Mara Elliott says her leadership has made San Diego a safer city.
“I have put my 28-plus years of experience to work for the city of San Diego,” Elliott said in a pre-election interview. “It’s a tough job, and I think the city relies on me to protect people.”
Elliott directs a department with more than 150 deputy city attorneys and 200 support staff. She said she is most proud of her office’s effort to prevent domestic violence and provide services to victims. Much of that work is done through the Family Justice Center, which Elliott said provides a myriad of services at one location.
“Restraining orders, forensic exams, counseling, all of that,” Elliott said. “And that’s available to anybody inside or outside of the city of San Diego.”
Elliott’s office has also filed gun violence restraining orders against gun owners who exhibit warning signs of violence. Those restraining orders, which are issued by a judge who hears evidence supplied by the city attorney, are based on a 2014 state law prompted by a mass shooting at UC Santa Barbara.
The city attorney’s office has intervened more than 300 times to temporarily remove at least 500 weapons from owners who exhibited signs of possible violence, Elliott said.
But her two opponents said they can do a better job as San Diego legal advisor and chief public legal advocate.
“Honesty, transparency, competency,” are the three words attorney Cory Briggs used to describe his qualifications for the job. “Those are the three things you need in a city attorney.”
Briggs is a public interest and environmental law expert who has sued local government multiple times to obtain public records and block construction projects he and his clients claim violate planning guidelines.
"I have the experience,” Briggs said in an interview. “I have the track record. I'm always on the public's side in making sure their tax dollars are protected, their right to vote is protected. and their right to information is protected."
Briggs faults Elliott for backing a proposed state law (SB 615) he says would have heightened government secrecy and made it harder for taxpayers to obtain public documents.
Elliott eventually withdrew her support for SB 615, which was sponsored by State Senator Ben Hueso. She insists that Briggs and other critics have "mischaracterized” her position on the issue.
Elliott said she intended to “streamline” the public records disclosure system and make it easier for citizens to obtain public documents.
Her other re-election opponent, attorney Pete Mesich, is also critical of Elliott’s support of SD 615. Mesich is a former deputy San Diego city attorney who also has experience in private practice and various areas of legal practice, including criminal, civil and government regulation.

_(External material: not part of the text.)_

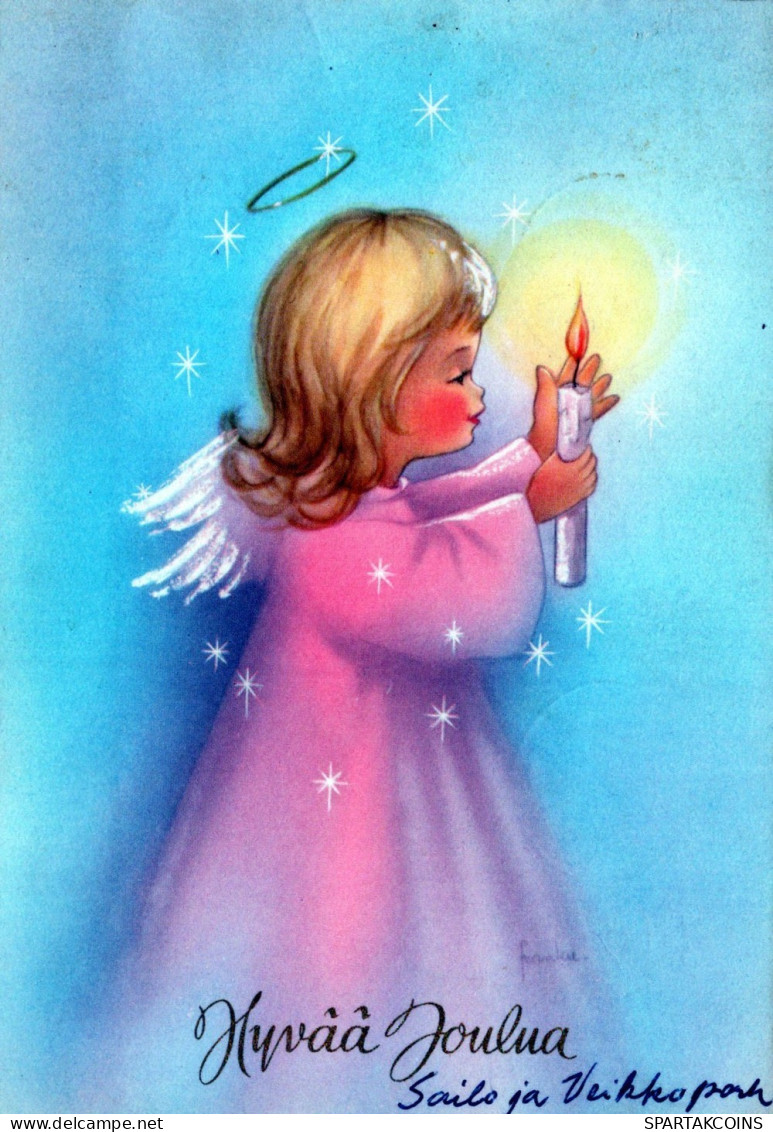 ENGEL WEIHNACHTSFERIEN Feiern & Feste Vintage Ansichtskarte Postkarte CPSM #PAJ011.DE - Anges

Mesich said he would improve leadership at the city attorney’s office by focusing on legal work and “getting the best from the great lawyers and unofficial leaders” on the city’s legal team.

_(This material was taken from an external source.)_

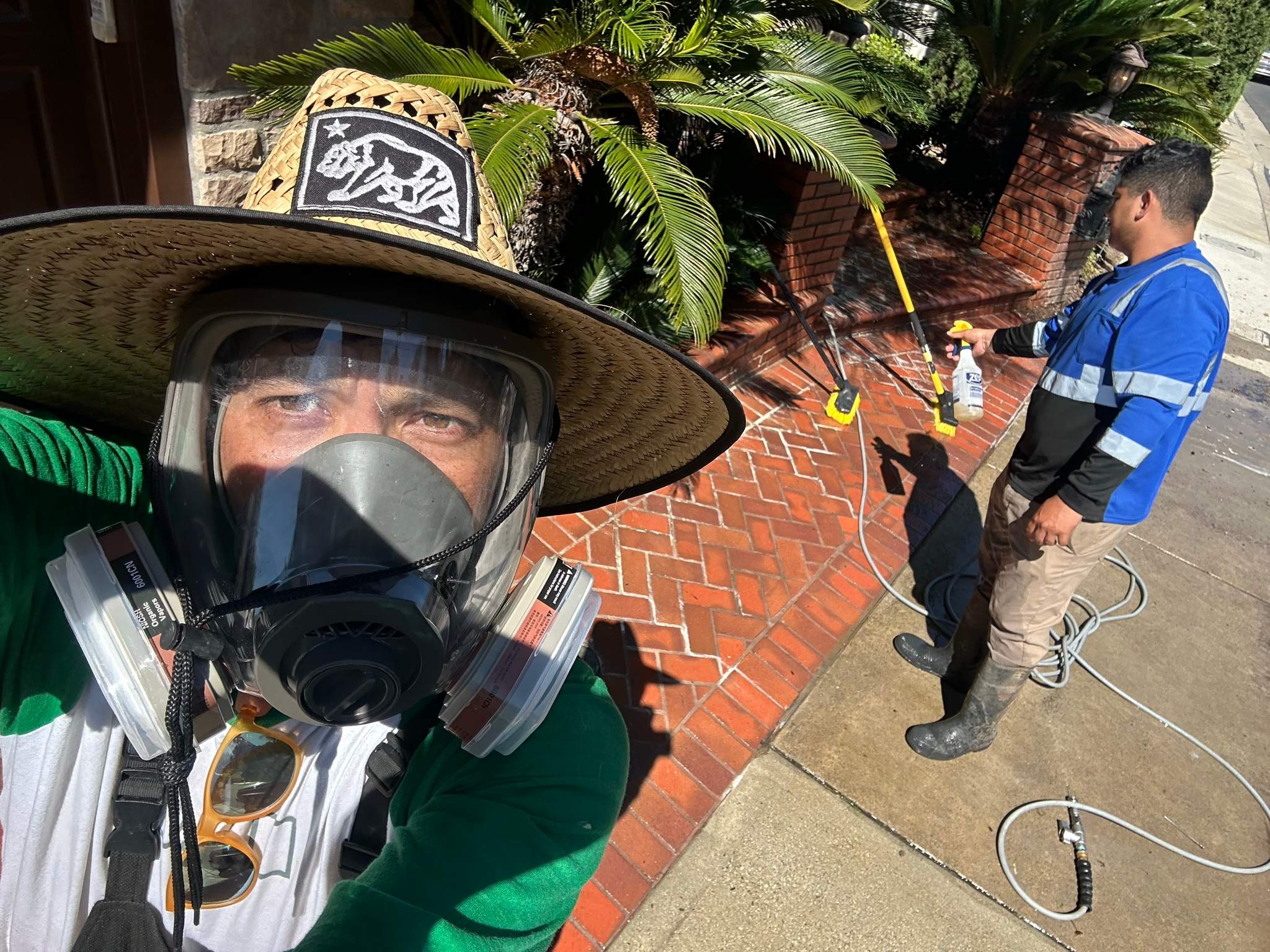 Orange County Clay Tile Roof Soft Wash on Unwalkwable Roof by Property Cleaning Experts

“Working collaboratively with the mayor and with the other councilmembers, we can start working on some solutions, again, as opposed to fighting over policy issues,” Mesich said.
He and Briggs both claim that Elliott’s office failed to properly vet the contract for the city’s controversial “Smart Street Lights” program.

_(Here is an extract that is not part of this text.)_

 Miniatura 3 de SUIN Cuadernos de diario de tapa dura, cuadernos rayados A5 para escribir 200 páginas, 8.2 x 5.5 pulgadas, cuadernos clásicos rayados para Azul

Mesich, Briggs and other critics said the cameras attached to the street lights are a privacy risk for San Diegans.
Elliott strongly disagreed. She argued that the video evidence from the camera is a useful crime-fighting tool for police, who she said have used the footage to solve more than 200 crimes.
Elliott also said the contract governing the use of that video has privacy protections. And, she said, “If the (city) council doesn’t like that technology, they can just turn off the cameras. It’s that easy.”